**What to work on:** Each entry below has to be written out again exactly.

(Short descriptive text snippets)
---

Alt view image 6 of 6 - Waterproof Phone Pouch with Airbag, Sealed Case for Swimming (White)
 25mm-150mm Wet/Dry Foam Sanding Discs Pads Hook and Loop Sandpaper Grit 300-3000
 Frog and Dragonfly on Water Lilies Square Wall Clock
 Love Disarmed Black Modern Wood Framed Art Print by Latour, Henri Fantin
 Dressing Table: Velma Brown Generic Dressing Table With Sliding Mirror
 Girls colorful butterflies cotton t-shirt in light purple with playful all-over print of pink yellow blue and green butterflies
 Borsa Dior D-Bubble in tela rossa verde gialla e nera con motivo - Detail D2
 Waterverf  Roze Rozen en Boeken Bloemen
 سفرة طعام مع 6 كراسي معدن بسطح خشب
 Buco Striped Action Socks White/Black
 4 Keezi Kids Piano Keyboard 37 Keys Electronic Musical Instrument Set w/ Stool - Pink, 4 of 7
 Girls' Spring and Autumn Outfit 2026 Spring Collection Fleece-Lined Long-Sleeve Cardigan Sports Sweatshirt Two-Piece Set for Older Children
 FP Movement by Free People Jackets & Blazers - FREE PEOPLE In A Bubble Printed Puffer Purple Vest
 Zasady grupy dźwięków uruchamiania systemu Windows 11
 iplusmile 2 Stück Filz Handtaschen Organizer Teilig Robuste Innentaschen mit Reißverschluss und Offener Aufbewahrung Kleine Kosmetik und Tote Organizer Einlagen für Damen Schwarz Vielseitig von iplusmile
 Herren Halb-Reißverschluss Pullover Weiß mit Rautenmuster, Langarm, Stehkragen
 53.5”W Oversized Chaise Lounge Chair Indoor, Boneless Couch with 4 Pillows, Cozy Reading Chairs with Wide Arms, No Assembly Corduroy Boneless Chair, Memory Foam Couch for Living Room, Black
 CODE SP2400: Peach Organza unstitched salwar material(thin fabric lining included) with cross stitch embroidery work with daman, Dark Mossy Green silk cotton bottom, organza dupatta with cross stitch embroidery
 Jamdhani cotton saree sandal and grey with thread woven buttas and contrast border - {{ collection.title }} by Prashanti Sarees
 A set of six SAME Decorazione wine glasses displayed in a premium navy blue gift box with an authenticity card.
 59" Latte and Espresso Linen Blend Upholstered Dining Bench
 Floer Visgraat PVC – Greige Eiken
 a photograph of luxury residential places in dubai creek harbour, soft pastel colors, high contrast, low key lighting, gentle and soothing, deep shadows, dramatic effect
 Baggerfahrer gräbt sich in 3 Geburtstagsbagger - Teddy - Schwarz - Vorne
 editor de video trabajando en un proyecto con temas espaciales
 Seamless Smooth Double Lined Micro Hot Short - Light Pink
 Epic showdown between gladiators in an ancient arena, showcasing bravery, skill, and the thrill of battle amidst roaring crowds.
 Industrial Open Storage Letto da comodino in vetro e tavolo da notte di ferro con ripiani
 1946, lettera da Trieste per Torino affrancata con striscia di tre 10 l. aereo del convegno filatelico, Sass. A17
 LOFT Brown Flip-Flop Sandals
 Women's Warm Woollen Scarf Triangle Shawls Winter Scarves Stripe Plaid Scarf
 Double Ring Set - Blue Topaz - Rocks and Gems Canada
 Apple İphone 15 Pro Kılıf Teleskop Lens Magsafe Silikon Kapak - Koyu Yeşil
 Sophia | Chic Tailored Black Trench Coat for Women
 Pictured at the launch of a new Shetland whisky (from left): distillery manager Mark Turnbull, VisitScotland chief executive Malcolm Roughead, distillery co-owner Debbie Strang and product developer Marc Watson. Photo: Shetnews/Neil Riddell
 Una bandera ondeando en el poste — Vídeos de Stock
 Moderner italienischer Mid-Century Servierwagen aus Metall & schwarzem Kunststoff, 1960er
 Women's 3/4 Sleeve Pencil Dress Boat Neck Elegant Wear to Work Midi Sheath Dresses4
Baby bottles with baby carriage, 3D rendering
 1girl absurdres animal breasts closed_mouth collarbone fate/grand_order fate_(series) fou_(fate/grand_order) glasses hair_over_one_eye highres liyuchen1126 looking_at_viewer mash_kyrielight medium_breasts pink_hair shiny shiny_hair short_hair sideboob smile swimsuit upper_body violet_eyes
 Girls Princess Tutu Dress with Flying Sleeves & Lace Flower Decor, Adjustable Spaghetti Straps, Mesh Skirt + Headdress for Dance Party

---

**Answer:**
Alt view image 6 of 6 - Waterproof Phone Pouch with Airbag, Sealed Case for Swimming (White)
 25mm-150mm Wet/Dry Foam Sanding Discs Pads Hook and Loop Sandpaper Grit 300-3000
 Frog and Dragonfly on Water Lilies Square Wall Clock
 Love Disarmed Black Modern Wood Framed Art Print by Latour, Henri Fantin
 Dressing Table: Velma Brown Generic Dressing Table With Sliding Mirror
 Girls colorful butterflies cotton t-shirt in light purple with playful all-over print of pink yellow blue and green butterflies
 Borsa Dior D-Bubble in tela rossa verde gialla e nera con motivo - Detail D2
 Waterverf  Roze Rozen en Boeken Bloemen
 سفرة طعام مع 6 كراسي معدن بسطح خشب
 Buco Striped Action Socks White/Black
 4 Keezi Kids Piano Keyboard 37 Keys Electronic Musical Instrument Set w/ Stool - Pink, 4 of 7
 Girls' Spring and Autumn Outfit 2026 Spring Collection Fleece-Lined Long-Sleeve Cardigan Sports Sweatshirt Two-Piece Set for Older Children
 FP Movement by Free People Jackets & Blazers - FREE PEOPLE In A Bubble Printed Puffer Purple Vest
 Zasady grupy dźwięków uruchamiania systemu Windows 11
 iplusmile 2 Stück Filz Handtaschen Organizer Teilig Robuste Innentaschen mit Reißverschluss und Offener Aufbewahrung Kleine Kosmetik und Tote Organizer Einlagen für Damen Schwarz Vielseitig von iplusmile
 Herren Halb-Reißverschluss Pullover Weiß mit Rautenmuster, Langarm, Stehkragen
 53.5”W Oversized Chaise Lounge Chair Indoor, Boneless Couch with 4 Pillows, Cozy Reading Chairs with Wide Arms, No Assembly Corduroy Boneless Chair, Memory Foam Couch for Living Room, Black
 CODE SP2400: Peach Organza unstitched salwar material(thin fabric lining included) with cross stitch embroidery work with daman, Dark Mossy Green silk cotton bottom, organza dupatta with cross stitch embroidery
 Jamdhani cotton saree sandal and grey with thread woven buttas and contrast border - {{ collection.title }} by Prashanti Sarees
 A set of six SAME Decorazione wine glasses displayed in a premium navy blue gift box with an authenticity card.
 59" Latte and Espresso Linen Blend Upholstered Dining Bench
 Floer Visgraat PVC – Greige Eiken
 a photograph of luxury residential places in dubai creek harbour, soft pastel colors, high contrast, low key lighting, gentle and soothing, deep shadows, dramatic effect
 Baggerfahrer gräbt sich in 3 Geburtstagsbagger - Teddy - Schwarz - Vorne
 editor de video trabajando en un proyecto con temas espaciales
 Seamless Smooth Double Lined Micro Hot Short - Light Pink
 Epic showdown between gladiators in an ancient arena, showcasing bravery, skill, and the thrill of battle amidst roaring crowds.
 Industrial Open Storage Letto da comodino in vetro e tavolo da notte di ferro con ripiani
 1946, lettera da Trieste per Torino affrancata con striscia di tre 10 l. aereo del convegno filatelico, Sass. A17
 LOFT Brown Flip-Flop Sandals
 Women's Warm Woollen Scarf Triangle Shawls Winter Scarves Stripe Plaid Scarf
 Double Ring Set - Blue Topaz - Rocks and Gems Canada
 Apple İphone 15 Pro Kılıf Teleskop Lens Magsafe Silikon Kapak - Koyu Yeşil
 Sophia | Chic Tailored Black Trench Coat for Women
 Pictured at the launch of a new Shetland whisky (from left): distillery manager Mark Turnbull, VisitScotland chief executive Malcolm Roughead, distillery co-owner Debbie Strang and product developer Marc Watson. Photo: Shetnews/Neil Riddell
 Una bandera ondeando en el poste — Vídeos de Stock
 Moderner italienischer Mid-Century Servierwagen aus Metall & schwarzem Kunststoff, 1960er
 Women's 3/4 Sleeve Pencil Dress Boat Neck Elegant Wear to Work Midi Sheath Dresses4
Baby bottles with baby carriage, 3D rendering
 1girl absurdres animal breasts closed_mouth collarbone fate/grand_order fate_(series) fou_(fate/grand_order) glasses hair_over_one_eye highres liyuchen1126 looking_at_viewer mash_kyrielight medium_breasts pink_hair shiny shiny_hair short_hair sideboob smile swimsuit upper_body violet_eyes
 Girls Princess Tutu Dress with Flying Sleeves & Lace Flower Decor, Adjustable Spaghetti Straps, Mesh Skirt + Headdress for Dance Party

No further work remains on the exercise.